Description of the task: Your answer must hold only the lines below from the line containing "That is an overview" through the line containing "In this session, we're", each reproduced exactly.

-------- Entries provided --------

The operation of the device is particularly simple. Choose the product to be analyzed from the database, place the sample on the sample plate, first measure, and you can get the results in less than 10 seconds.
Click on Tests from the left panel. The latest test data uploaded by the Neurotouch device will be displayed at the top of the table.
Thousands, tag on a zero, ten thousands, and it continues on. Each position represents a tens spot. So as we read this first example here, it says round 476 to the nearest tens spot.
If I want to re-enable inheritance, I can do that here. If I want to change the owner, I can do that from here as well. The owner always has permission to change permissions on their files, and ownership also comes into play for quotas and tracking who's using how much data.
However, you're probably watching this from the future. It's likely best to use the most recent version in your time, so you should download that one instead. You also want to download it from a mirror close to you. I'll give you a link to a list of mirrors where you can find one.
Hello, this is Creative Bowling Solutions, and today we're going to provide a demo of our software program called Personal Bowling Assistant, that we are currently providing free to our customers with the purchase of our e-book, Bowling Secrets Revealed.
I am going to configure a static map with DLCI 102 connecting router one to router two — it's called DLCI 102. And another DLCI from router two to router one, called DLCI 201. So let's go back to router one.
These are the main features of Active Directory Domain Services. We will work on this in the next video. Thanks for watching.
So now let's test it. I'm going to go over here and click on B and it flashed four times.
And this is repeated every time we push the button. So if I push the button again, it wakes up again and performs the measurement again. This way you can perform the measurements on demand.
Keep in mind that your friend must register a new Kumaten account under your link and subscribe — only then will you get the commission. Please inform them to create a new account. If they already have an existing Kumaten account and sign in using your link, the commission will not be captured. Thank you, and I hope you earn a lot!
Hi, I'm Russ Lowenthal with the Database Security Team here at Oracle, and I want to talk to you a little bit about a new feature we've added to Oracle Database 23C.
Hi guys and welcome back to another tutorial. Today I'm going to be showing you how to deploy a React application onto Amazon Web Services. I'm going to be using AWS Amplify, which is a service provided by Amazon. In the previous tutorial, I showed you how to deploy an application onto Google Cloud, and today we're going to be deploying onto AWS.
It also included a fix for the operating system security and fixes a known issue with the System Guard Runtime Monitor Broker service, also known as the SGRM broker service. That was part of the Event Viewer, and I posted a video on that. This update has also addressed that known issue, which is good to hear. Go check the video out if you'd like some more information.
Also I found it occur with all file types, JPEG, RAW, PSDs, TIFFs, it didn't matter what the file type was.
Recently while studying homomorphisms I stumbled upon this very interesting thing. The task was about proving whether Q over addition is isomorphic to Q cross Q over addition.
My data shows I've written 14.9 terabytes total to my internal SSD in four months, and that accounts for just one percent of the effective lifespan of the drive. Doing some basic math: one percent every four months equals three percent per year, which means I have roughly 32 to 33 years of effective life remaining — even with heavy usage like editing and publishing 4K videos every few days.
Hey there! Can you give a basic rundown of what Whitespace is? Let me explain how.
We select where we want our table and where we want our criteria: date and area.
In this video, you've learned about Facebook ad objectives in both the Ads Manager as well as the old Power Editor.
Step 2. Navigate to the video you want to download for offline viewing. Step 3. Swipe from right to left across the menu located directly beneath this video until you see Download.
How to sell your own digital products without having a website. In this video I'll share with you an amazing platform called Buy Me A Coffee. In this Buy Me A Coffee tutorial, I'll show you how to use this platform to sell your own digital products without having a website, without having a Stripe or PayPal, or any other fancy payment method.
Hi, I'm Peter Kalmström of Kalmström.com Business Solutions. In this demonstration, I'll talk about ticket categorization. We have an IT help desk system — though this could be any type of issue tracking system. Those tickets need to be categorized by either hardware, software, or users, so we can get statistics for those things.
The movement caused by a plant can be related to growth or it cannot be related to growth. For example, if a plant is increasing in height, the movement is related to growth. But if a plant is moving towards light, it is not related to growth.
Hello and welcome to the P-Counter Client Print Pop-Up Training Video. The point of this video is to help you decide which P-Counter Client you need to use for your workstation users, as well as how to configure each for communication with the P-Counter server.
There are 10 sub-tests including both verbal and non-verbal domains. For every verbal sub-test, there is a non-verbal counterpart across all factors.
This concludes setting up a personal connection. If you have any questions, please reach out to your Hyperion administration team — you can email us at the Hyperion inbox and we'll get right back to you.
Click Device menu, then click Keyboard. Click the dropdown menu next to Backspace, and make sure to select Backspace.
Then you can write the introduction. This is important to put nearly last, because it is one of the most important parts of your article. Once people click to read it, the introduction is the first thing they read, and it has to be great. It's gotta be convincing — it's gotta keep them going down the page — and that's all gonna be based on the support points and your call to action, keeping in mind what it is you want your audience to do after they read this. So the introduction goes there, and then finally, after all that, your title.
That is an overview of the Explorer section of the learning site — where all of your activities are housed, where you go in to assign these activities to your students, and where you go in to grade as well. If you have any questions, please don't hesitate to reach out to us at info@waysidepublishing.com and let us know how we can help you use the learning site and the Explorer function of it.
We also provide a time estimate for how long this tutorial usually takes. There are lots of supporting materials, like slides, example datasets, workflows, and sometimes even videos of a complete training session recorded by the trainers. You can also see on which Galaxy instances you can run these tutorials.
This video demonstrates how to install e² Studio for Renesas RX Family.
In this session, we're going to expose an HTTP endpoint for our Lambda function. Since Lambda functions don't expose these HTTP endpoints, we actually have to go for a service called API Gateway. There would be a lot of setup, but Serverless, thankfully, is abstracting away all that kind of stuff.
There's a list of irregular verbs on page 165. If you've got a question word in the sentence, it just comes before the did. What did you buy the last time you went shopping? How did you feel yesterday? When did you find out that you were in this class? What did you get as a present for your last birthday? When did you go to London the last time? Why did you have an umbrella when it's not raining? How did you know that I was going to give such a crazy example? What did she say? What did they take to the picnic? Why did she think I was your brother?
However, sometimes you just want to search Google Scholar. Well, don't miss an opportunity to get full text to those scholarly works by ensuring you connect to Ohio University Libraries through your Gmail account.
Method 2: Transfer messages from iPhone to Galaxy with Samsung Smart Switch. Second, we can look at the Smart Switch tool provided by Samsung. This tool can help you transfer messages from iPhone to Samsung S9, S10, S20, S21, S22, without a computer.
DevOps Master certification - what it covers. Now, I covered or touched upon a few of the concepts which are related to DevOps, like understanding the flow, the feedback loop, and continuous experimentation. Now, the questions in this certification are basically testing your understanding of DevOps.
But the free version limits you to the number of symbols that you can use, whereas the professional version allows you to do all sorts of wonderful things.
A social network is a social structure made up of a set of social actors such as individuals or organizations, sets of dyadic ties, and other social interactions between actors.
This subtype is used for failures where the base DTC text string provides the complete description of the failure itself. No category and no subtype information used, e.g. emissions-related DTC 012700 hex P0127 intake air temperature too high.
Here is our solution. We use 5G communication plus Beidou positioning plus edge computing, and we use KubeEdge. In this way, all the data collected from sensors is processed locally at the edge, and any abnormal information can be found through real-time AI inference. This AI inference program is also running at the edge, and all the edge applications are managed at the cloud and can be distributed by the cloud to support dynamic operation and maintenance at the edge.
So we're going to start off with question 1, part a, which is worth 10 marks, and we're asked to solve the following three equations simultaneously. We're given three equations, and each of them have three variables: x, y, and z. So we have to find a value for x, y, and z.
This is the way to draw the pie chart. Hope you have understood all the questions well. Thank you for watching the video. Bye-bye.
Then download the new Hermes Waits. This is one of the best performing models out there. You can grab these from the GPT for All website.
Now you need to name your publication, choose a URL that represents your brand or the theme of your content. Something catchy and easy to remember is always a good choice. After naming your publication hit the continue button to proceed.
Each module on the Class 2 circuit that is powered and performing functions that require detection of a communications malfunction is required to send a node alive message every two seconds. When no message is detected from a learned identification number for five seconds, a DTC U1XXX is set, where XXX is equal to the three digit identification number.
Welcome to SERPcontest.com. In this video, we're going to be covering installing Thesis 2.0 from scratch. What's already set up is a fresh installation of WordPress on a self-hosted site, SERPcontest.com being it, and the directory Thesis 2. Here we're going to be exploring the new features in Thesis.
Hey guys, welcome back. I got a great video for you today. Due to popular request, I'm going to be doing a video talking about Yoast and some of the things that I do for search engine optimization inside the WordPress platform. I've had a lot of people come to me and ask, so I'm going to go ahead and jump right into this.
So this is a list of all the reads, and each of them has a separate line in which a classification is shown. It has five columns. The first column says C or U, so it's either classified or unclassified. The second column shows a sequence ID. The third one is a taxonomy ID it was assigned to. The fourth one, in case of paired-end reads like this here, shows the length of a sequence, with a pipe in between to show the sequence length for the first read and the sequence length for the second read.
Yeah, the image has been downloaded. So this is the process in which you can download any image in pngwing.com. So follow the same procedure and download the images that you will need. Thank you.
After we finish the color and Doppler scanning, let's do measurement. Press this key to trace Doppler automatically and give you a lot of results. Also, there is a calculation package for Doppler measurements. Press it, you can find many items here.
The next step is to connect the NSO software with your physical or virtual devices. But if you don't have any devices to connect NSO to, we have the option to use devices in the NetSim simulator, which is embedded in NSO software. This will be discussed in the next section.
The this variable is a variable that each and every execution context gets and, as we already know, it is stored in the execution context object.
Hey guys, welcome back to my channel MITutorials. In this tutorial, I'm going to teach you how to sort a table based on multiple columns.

--------

Your response:
That is an overview of the Explorer section of the learning site — where all of your activities are housed, where you go in to assign these activities to your students, and where you go in to grade as well. If you have any questions, please don't hesitate to reach out to us at info@waysidepublishing.com and let us know how we can help you use the learning site and the Explorer function of it.
We also provide a time estimate for how long this tutorial usually takes. There are lots of supporting materials, like slides, example datasets, workflows, and sometimes even videos of a complete training session recorded by the trainers. You can also see on which Galaxy instances you can run these tutorials.
This video demonstrates how to install e² Studio for Renesas RX Family.
In this session, we're going to expose an HTTP endpoint for our Lambda function. Since Lambda functions don't expose these HTTP endpoints, we actually have to go for a service called API Gateway. There would be a lot of setup, but Serverless, thankfully, is abstracting away all that kind of stuff.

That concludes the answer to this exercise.